§ WHAT TO WORK ON
For the entries that follow, say how many lines hold the string "Hotel", with nothing else in the reply.
+ + + + +
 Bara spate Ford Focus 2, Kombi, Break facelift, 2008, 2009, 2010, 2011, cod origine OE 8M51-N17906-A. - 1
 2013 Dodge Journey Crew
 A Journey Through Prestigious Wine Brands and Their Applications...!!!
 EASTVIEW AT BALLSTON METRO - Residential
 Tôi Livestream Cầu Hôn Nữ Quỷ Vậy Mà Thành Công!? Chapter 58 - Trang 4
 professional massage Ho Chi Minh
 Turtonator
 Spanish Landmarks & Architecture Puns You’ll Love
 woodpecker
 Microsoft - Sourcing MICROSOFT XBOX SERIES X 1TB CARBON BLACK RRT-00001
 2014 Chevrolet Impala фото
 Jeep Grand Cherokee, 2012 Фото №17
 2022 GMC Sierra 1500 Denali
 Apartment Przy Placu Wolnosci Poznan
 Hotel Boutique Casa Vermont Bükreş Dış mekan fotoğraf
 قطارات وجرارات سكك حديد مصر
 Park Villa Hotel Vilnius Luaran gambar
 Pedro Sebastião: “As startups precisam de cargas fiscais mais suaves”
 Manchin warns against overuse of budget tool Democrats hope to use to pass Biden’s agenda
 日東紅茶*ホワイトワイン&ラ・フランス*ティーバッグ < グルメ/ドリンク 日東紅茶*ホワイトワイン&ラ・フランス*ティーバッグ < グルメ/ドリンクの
+ + + + +
§ TASK OUTPUT
2